■ MATERIAL PROVIDED:
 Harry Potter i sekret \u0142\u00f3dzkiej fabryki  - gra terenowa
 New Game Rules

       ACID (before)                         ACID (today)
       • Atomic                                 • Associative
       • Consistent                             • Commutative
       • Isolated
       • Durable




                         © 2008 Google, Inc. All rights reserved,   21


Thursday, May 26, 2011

==

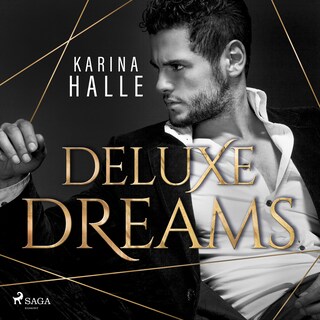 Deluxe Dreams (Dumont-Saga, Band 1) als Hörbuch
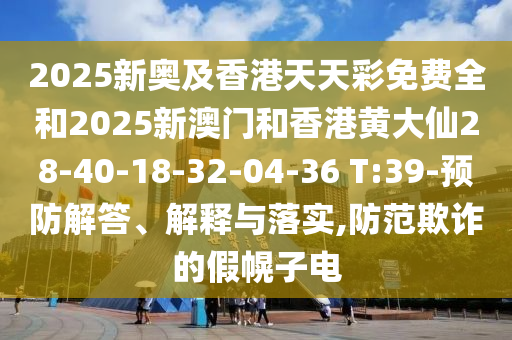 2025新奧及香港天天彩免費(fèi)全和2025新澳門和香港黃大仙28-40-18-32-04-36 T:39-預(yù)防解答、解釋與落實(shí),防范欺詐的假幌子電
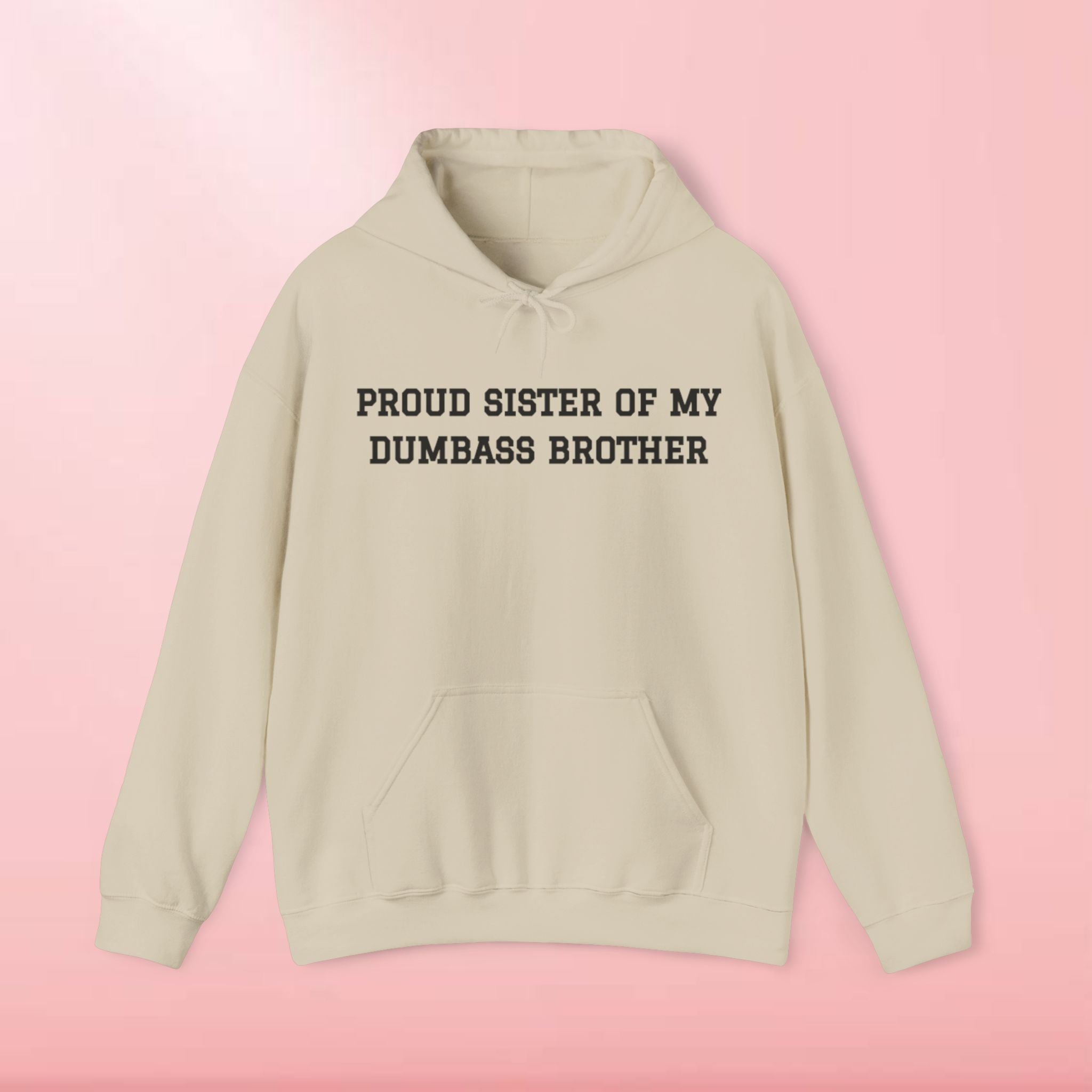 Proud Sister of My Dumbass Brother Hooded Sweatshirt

■ ABOUT THIS EXERCISE:
Output the material above exactly, but only from the line that carries "Harry Potter i" through the line that carries "Thursday, May 26, 2011".

■ WRITTEN SOLUTION:
 Harry Potter i sekret \u0142\u00f3dzkiej fabryki  - gra terenowa
 New Game Rules

       ACID (before)                         ACID (today)
       • Atomic                                 • Associative
       • Consistent                             • Commutative
       • Isolated
       • Durable




                         © 2008 Google, Inc. All rights reserved,   21


Thursday, May 26, 2011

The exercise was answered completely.